## [DATA]
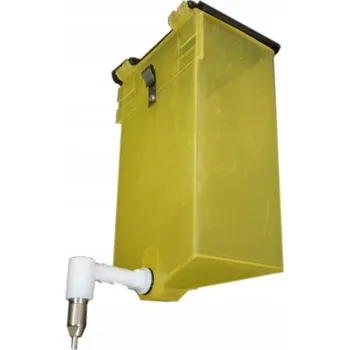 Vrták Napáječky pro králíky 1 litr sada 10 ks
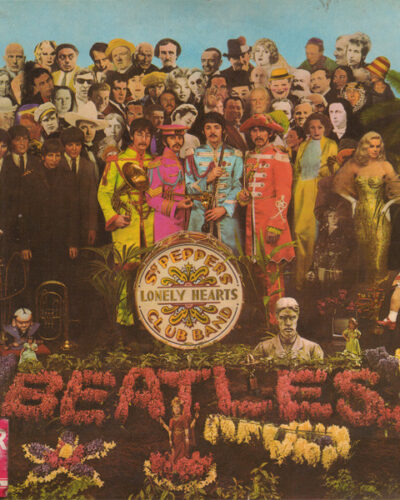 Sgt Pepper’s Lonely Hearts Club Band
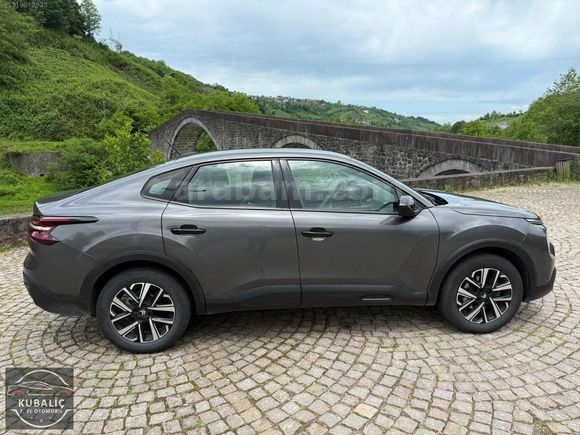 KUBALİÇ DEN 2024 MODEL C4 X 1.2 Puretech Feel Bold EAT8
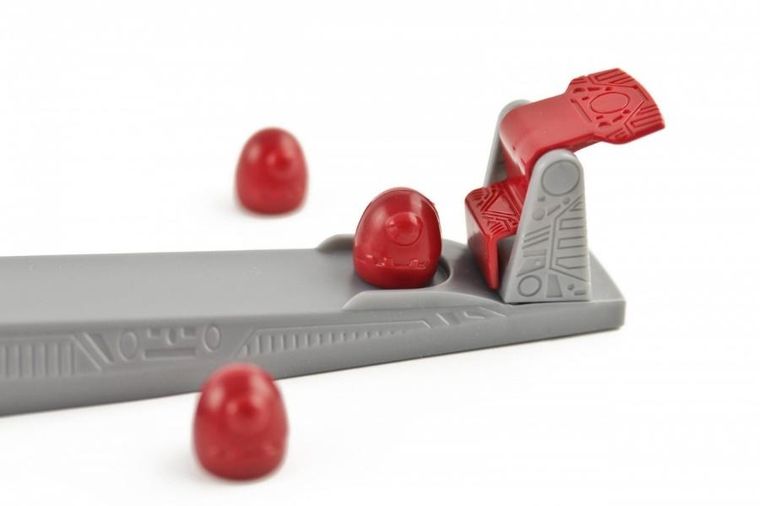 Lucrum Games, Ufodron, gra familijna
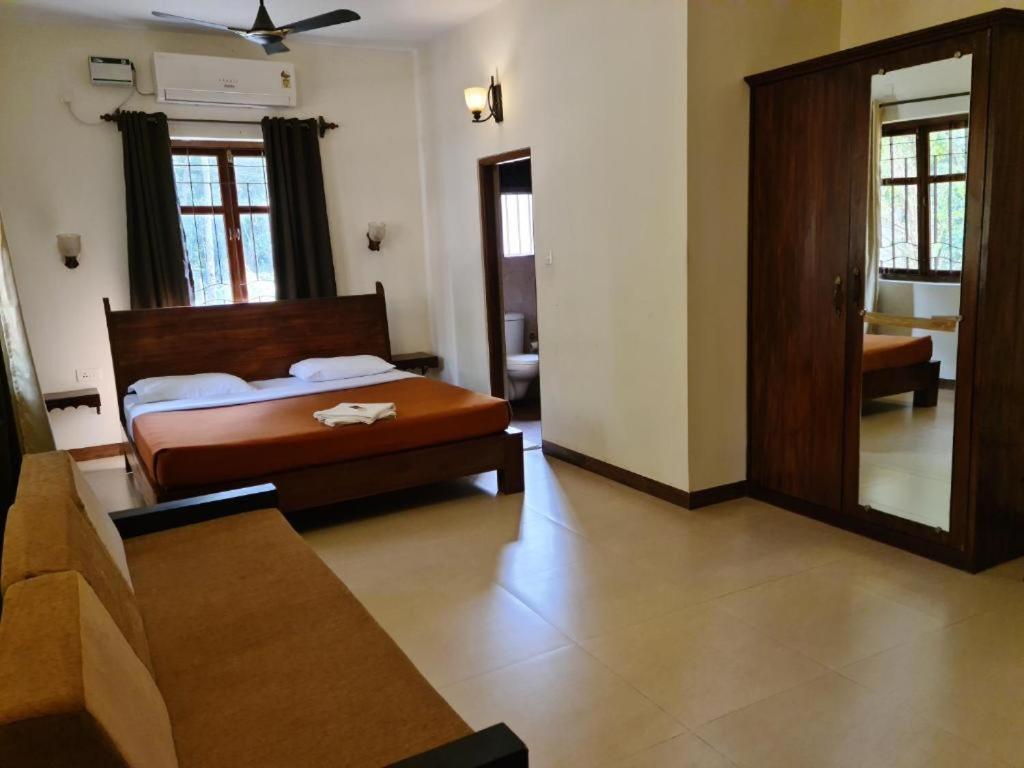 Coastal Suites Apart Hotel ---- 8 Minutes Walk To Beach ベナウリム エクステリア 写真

## [TASK INSTRUCTIONS]
In the listing, find the line with "KUBALİÇ DEN 2024" and retype exactly from there through the last line, both included, leaving the pictures out.

## [RESULT FOR THIS EXERCISE]
 KUBALİÇ DEN 2024 MODEL C4 X 1.2 Puretech Feel Bold EAT8
 Lucrum Games, Ufodron, gra familijna
 Coastal Suites Apart Hotel ---- 8 Minutes Walk To Beach ベナウリム エクステリア 写真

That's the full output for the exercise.